I loved how nice handwritten ink looked on bluebeam, but it made the pdf files too large very quick! Pens work great on excel to supplement the calculation with sketches.

Question on bluebeam for everyone:
Is there a setting that I can reduce the data used by pen marks? I haven't tried for 5 years or so
 
Could you snapshot your pen marks, paste and then delete your pen marks?
 
Wow, I'm glad to see the increased usage of SMath. I used to use a "background image" for a template, but you may want to look into using a header. This will avoid some of the scaling issues you might be having.
Basically, I have a template file that I start every calculation with. I try to take screen captures of software output and put them into SMath. For example, I might define the loading on a beam in SMath on one page and put that info into a steel beam program (say RAMSbeam), then screenshot that result into SMath. I'm using SMath as you would use OneNote.
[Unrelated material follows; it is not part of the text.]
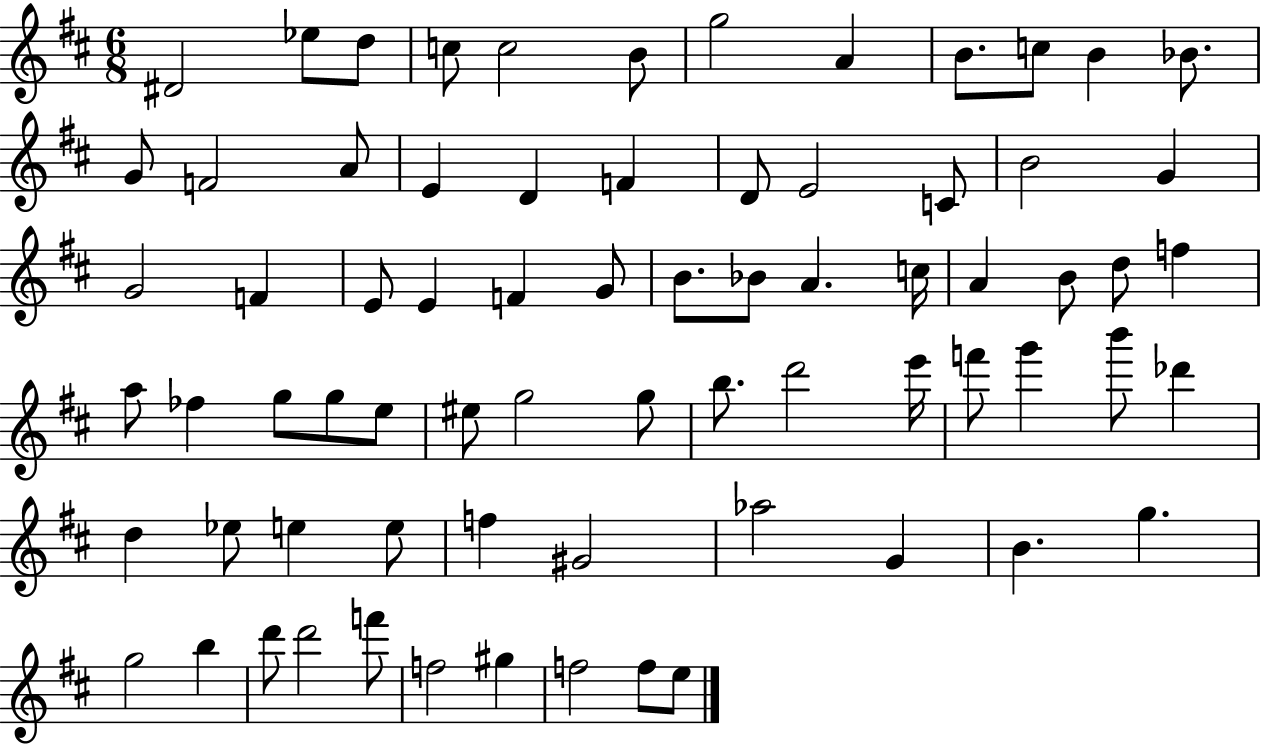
D#4/h Eb5/e D5/e C5/e C5/h B4/e G5/h A4/q B4/e. C5/e B4/q Bb4/e. G4/e F4/h A4/e E4/q D4/q F4/q D4/e E4/h C4/e B4/h G4/q G4/h F4/q E4/e E4/q F4/q G4/e B4/e. Bb4/e A4/q. C5/s A4/q B4/e D5/e F5/q A5/e FES5/q G5/e G5/e E5/e EIS5/e G5/h G5/e B5/e. D6/h E6/s F6/e G6/q B6/e Db6/q D5/q Eb5/e E5/q E5/e F5/q G#4/h Ab5/h G4/q B4/q. G5/q. G5/h B5/q D6/e D6/h F6/e F5/h G#5/q F5/h F5/e E5/e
If I need to draw a free body diagram, I would draw it in Whiteboard (or OneNote) and then screenshot it and paste it into SMath. I haven't thought about printing smath and then putting it into OneNote for additional annotation, but I suppose you could.

One more thing to add - Check out XODO for marking up PDF's. It has its fair share of limitations, but it's free and fast. It has an autosave feature which sometimes causes more grief than good, so you might want to turn that off.




 
RFreund, I have found many of your discussions on the SMath forum. Thanks for the advice.

In SMath we use a background image with fields in the header so each page automatically lists the calc info.
SMATH-TIP_joxgqn.jpg
 
@Brad805 - Nice Work!! Honestly yours looks better than mine.


 

I do that often... you can use the Windows snapshot to directly paste into SMath. I often do that off page, so it doesn't print. I also do a lot of cut and paste from other programs.

Rather than think climate change and the corona virus as science, think of it as the wrath of God. Feel any better?